Wednesday, April 6, 2022

2022 Post #23 -- Golden Moment, Potent Ending

 by Brett Vogelsinger

When I first read Eve Ewing's poem "testify" on the Poem-a-Day email from, the bright optimism of the images at the heart of the poem, the friendly exchange between neighbors on a beautiful day, and the spiritual connotation of the word "testify" all left me enamored with the poem and encouraged by its words at the end of a particularly tough day of teaching. 

I shared it with two colleagues during our PLC time before sharing it with students, and found one of them brought an entirely different interpretation to the poem.  "All that repetition at the end . . . and then the last word, 'yet.' I find that ominous!" she said. 

On my first reading of the poem, I saw the conclusion of the poem as life-affirming, a sort of carpe diem, akin to the last few lines of Rudy Francisco's poem "Complainers."  But my colleague's reading complicated things.  And so did my students' reading of the poem. 

Most of them liked the poem but disliked the ending, finding the repetition neither life-affirming nor ominous but bothersome, without purpose.  "Oh, that much repetition is certainly not an accident.  Look at how the lines break.  Look at how much real estate this conclusion occupies. It matters.  This is purposeful!" I told them. We theorized about what that purpose might be. 

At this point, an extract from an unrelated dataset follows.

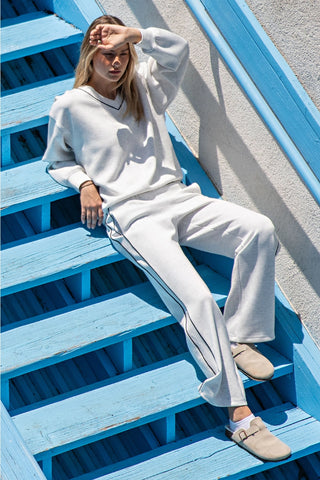 Modal Scuba V-Neck Top | Lightweight 4-Way Stretch Lounge & Everyday Wear Heathered Grey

 Later, when I read it out loud in a professional development session after participants had a chance to read it silently, one teacher told me, "I pictured that part read much slower than you just read it," and when I reconceived the poem read with the ending at a different pace, it changed the poem again for me. 

Like all my favorite poems, this is a poem that gets more interesting each time I read it.  I feel like I understand it the first time, but then I keep understanding it more and differently as I read it again and hear how other people respond to it. 

And that is the lesson I share with this poem: that great poetry changes when you hold it to the light and look at it from different angles. There is not one path to understanding and interpreting it.  So if this poem is new to you too, don't overthink how to share it with students.  Just share it with them.  Ask what they like about it and what makes it different than other poems they have read.  Enjoy the authentic response and discussion that ensues, and enjoy how it shapes your own reading of this memorable poem.  

Further Reading:

Brett Vogelsinger is a ninth grade English teacher and NBCT at Holicong Middle School in Doylestown, PA. He is the founding editor of Go Poems, facilitates his school's literary magazine, Sevenatenine, and contributes monthly posts at Moving Writers. Follow him on Twitter @theVogelman.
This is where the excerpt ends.